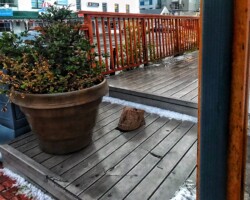 Rossi's hailstorm rossis hail
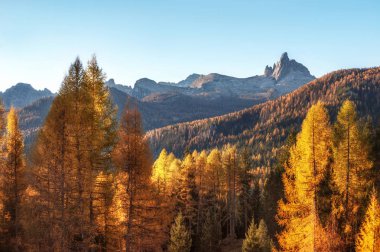 dağlarda güzel altın sonbahar. doğal arka plan. Yap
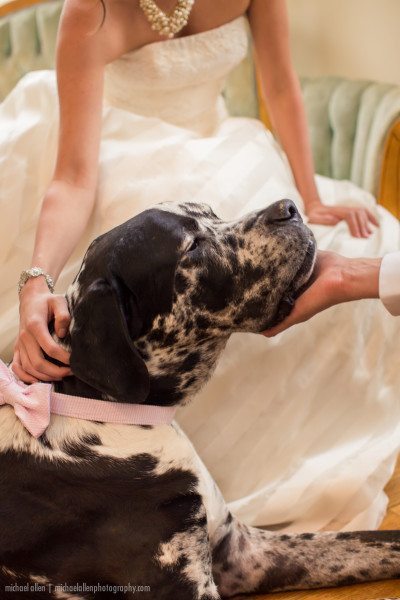 Micaheal Allen Photography, Anne Barge, Great Dane, Annesdale, Flour Garden, Let Them Eat Cake, Style Shoot, Southern Bride, Wedding Inspiration, Wedding Blog, Bridal Blog, Wedding Planning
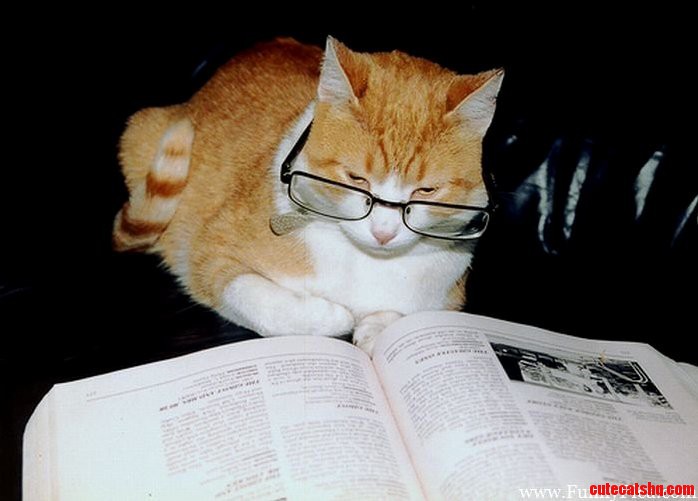 Prof. Dr. Dr. Med. Van Cat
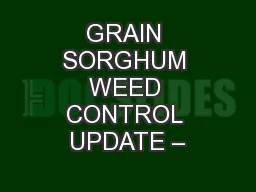 GRAIN SORGHUM WEED CONTROL UPDATE –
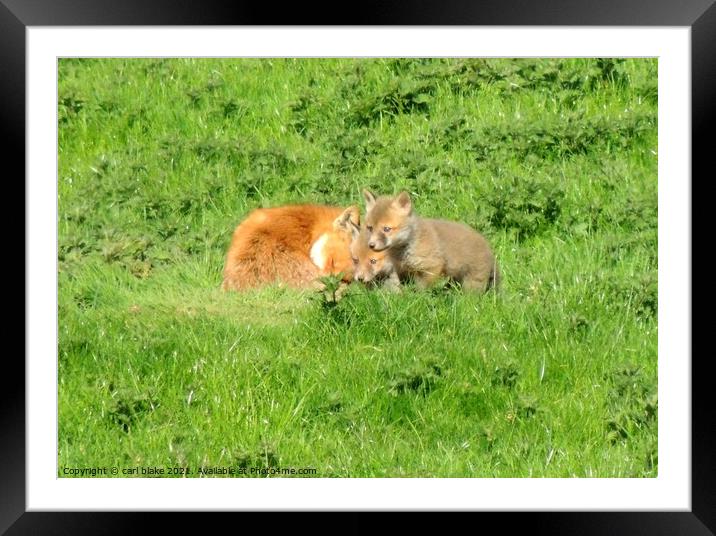 fox with cubs Framed Mounted Print by carl blake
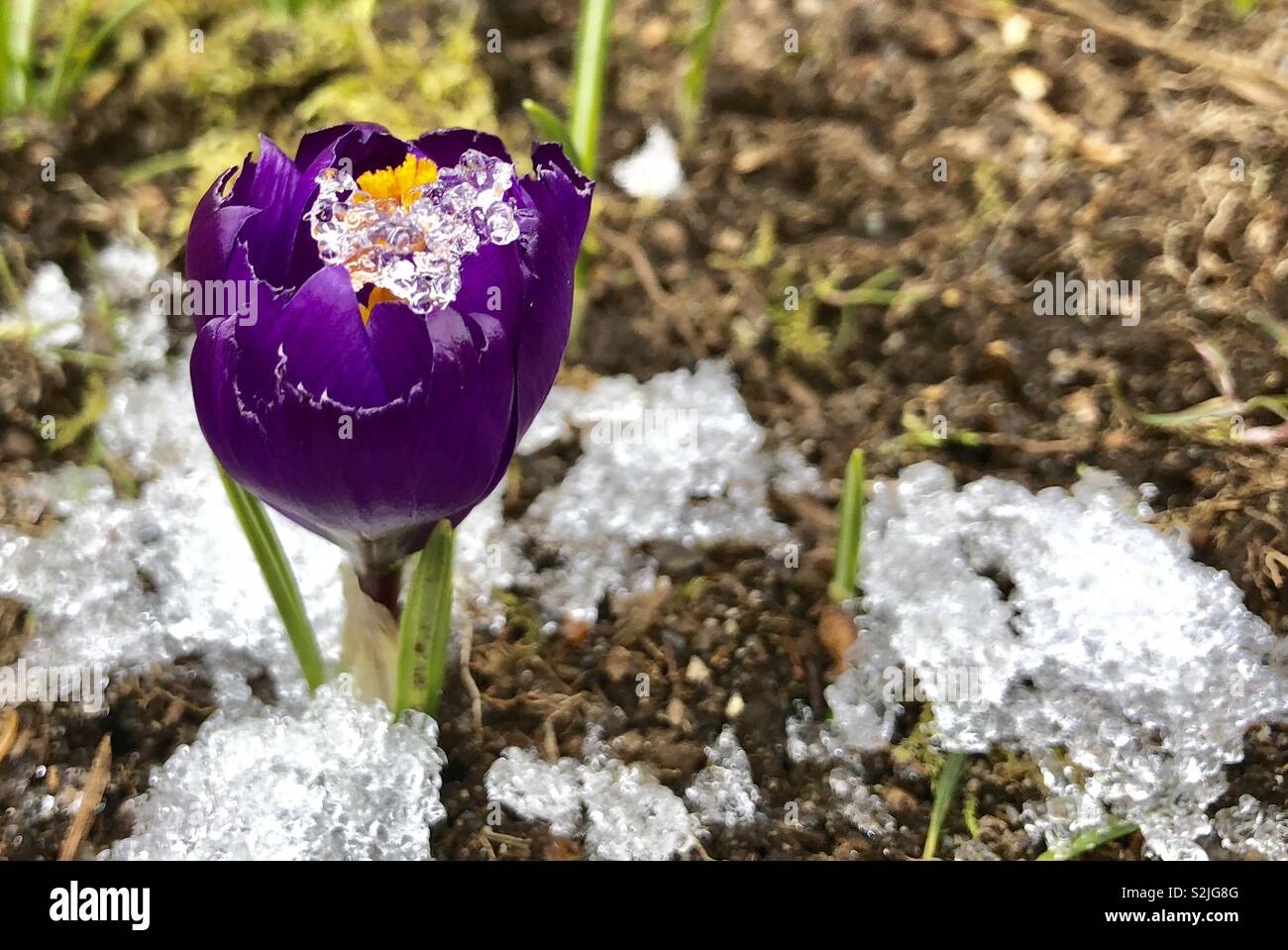 Purple Crocus and Snow Stock Photo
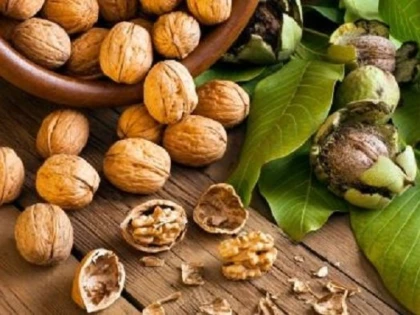 Nucile scad riscul de deces din cauza bolilor cardiovasculare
◆ ◆ ◆
Your reply must contain each entry exactly as written and no pictures.

 Rossi's hailstorm rossis hail
 dağlarda güzel altın sonbahar. doğal arka plan. Yap
 Micaheal Allen Photography, Anne Barge, Great Dane, Annesdale, Flour Garden, Let Them Eat Cake, Style Shoot, Southern Bride, Wedding Inspiration, Wedding Blog, Bridal Blog, Wedding Planning
 Prof. Dr. Dr. Med. Van Cat
 GRAIN SORGHUM WEED CONTROL UPDATE –
 fox with cubs Framed Mounted Print by carl blake
 Purple Crocus and Snow Stock Photo
 Nucile scad riscul de deces din cauza bolilor cardiovasculare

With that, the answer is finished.